* [Activity]: The line that contains "CentOS系统如何彻底删除已安装的VNC服务及其配置？-图1" marks the start. Please set it down, with every later line of the data, exactly and without pictures.

Records drawn from a dataset:
----

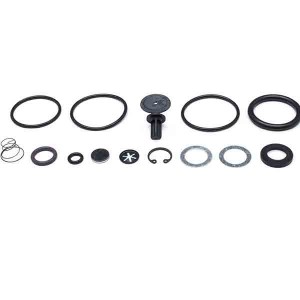 Ремкомплект для Осушителя WABCO 932 400 002 (WT/WSK.63.40 / WTWSK6340)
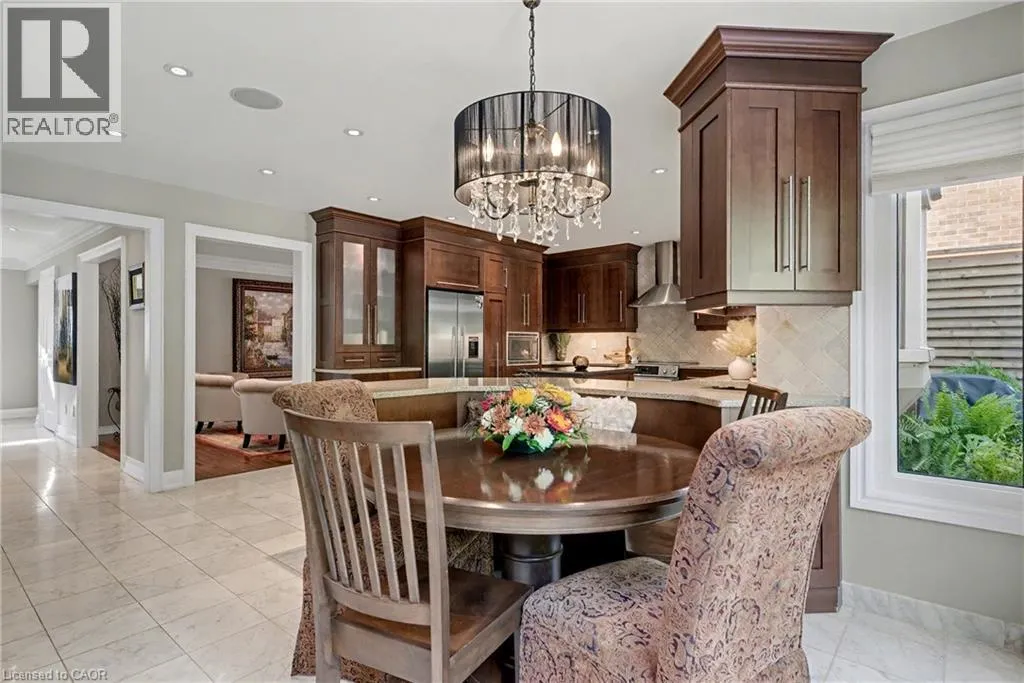 1213 BOWMAN Drive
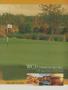 Page: - 67 | Golf Digest
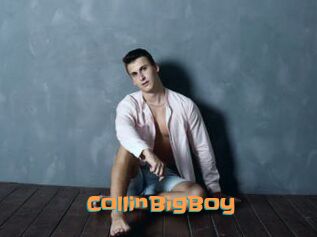 CollinBigBoy
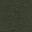 Deep Olive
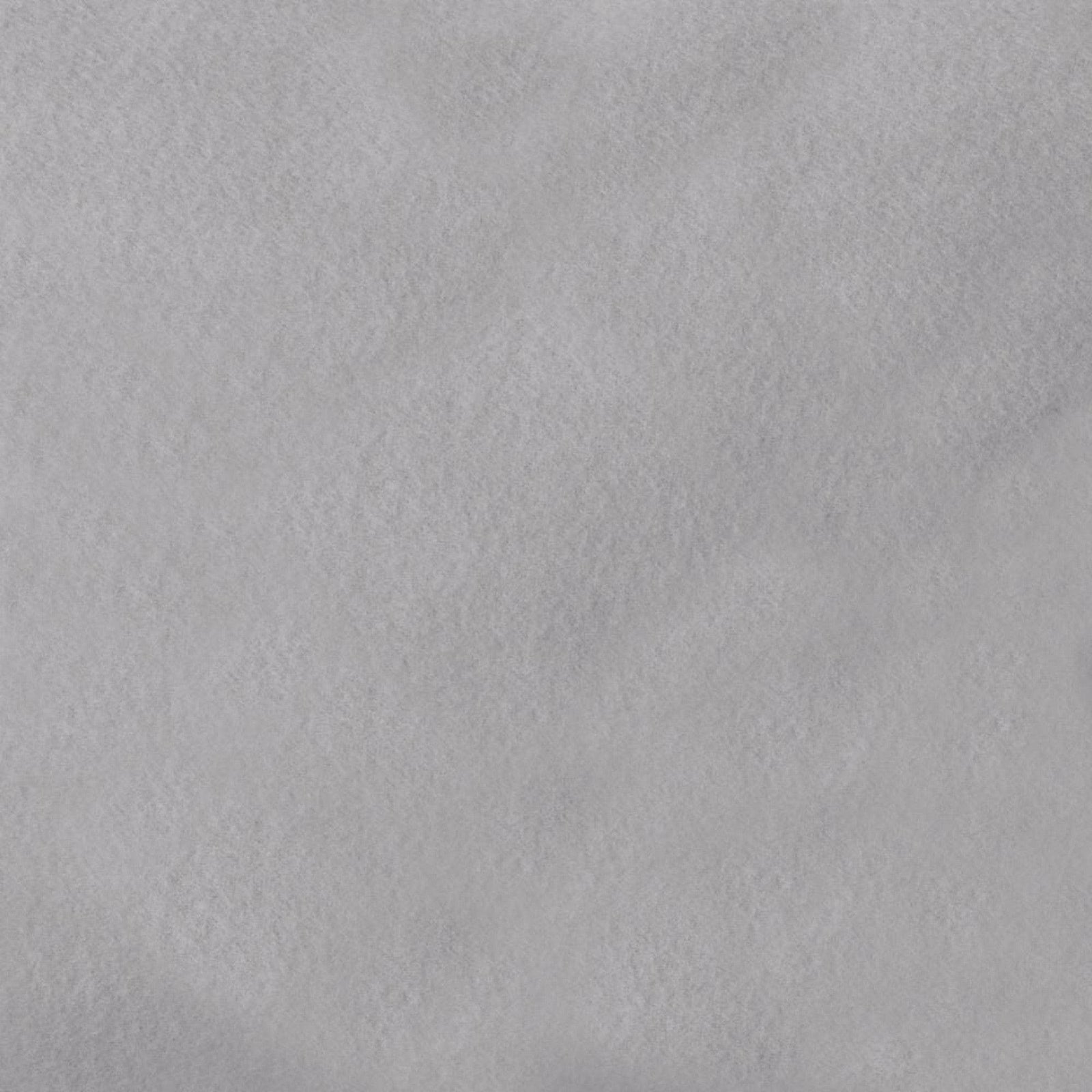 Solid Fleece Sheet - Christina Collection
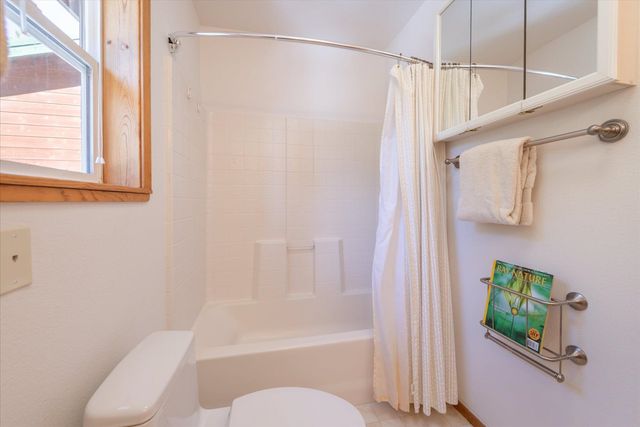 15407 Wolfgang Road, Truckee, CA 96161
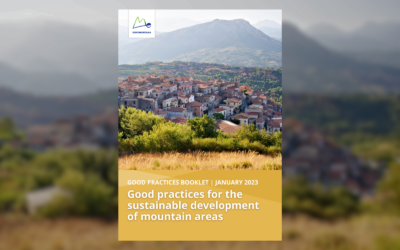 Cover good practices booklet 2023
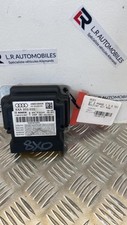 Boitier air bag AUDI Q7 2 PHASE 1 8XA959655 comprar usado  Enviando para Brazil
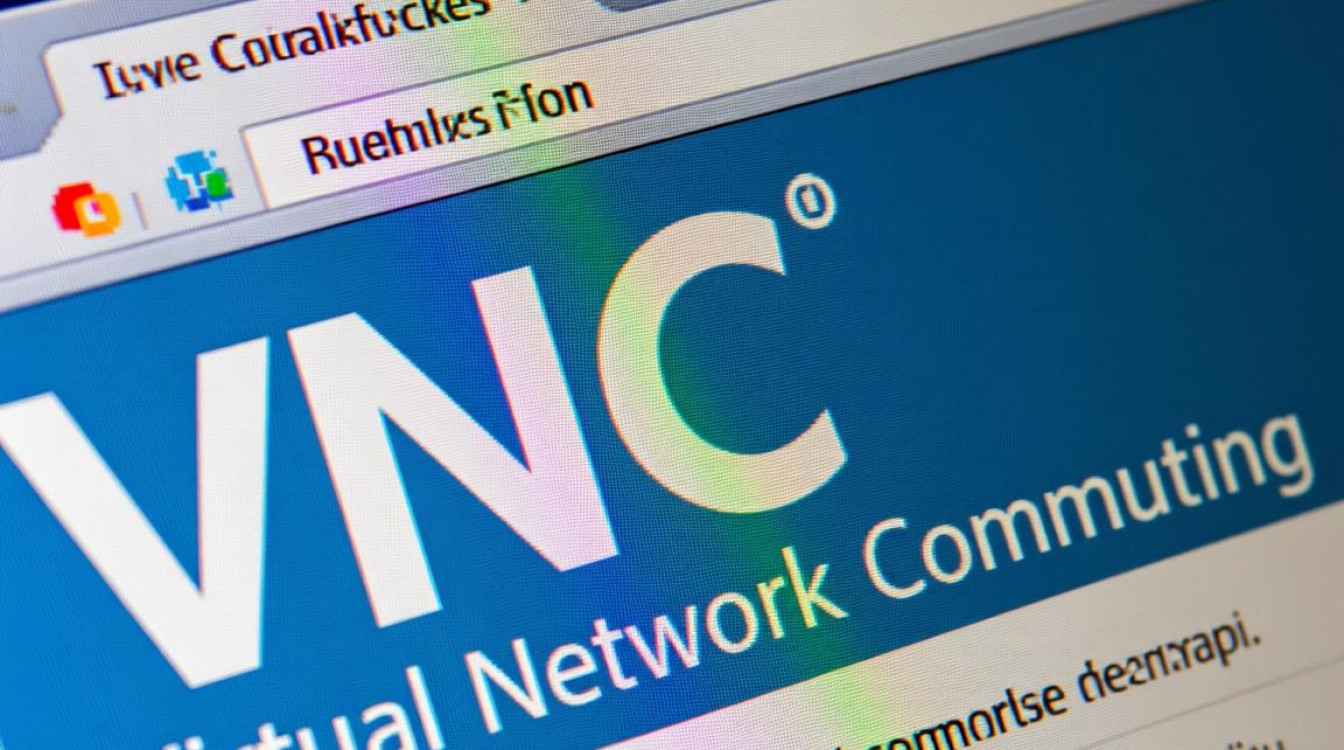 CentOS系统如何彻底删除已安装的VNC服务及其配置？-图1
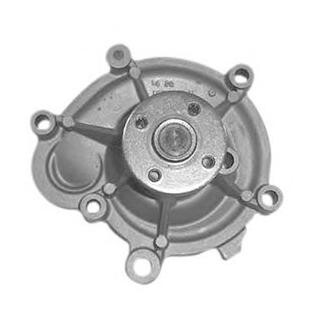 Водяний насос MAGNETI MARELLI 352316170686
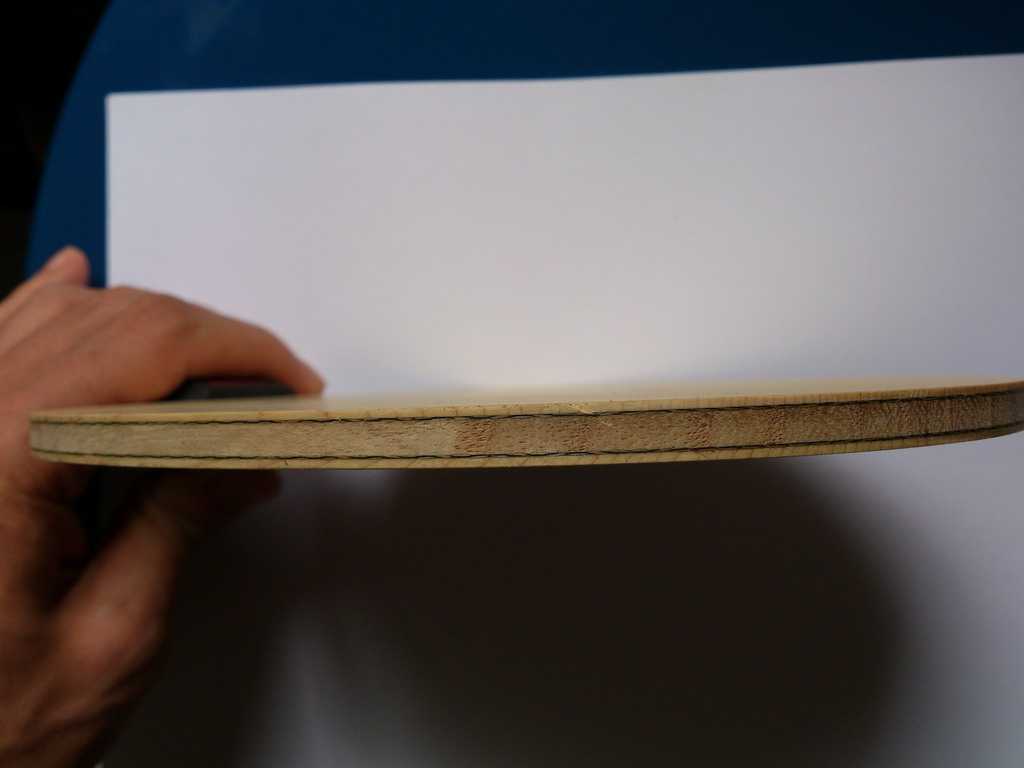 ������Amultart��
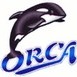 orca0045 avatar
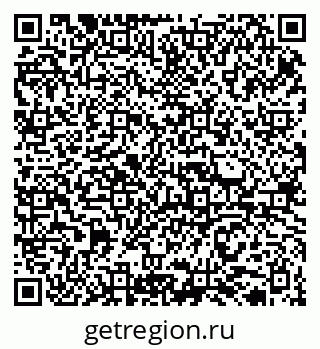 79100537449
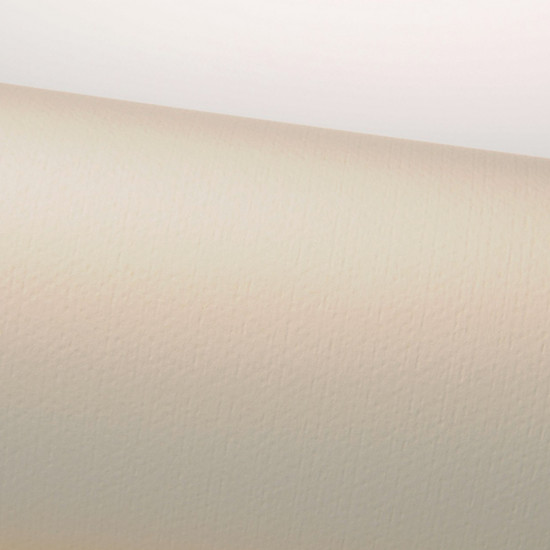 Fedrigoni Freelife Merida Cream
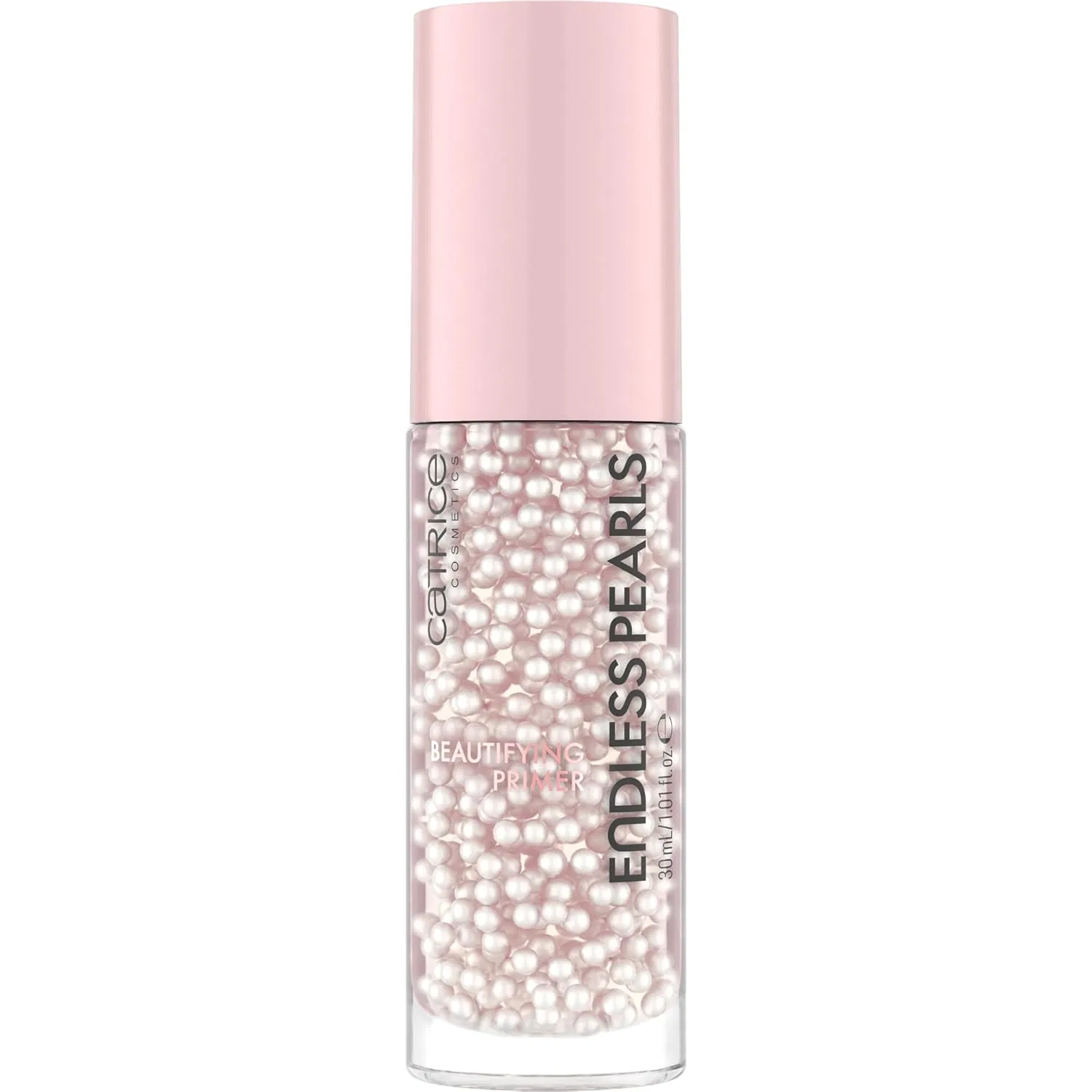 Праймер для лица Catrice Endless Pearls Beautifying Primer, 30 мл Catrice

----

* [Problem solution]:
 CentOS系统如何彻底删除已安装的VNC服务及其配置？-图1
 Водяний насос MAGNETI MARELLI 352316170686
 ������Amultart��
 orca0045 avatar
 79100537449
 Fedrigoni Freelife Merida Cream
 Праймер для лица Catrice Endless Pearls Beautifying Primer, 30 мл Catrice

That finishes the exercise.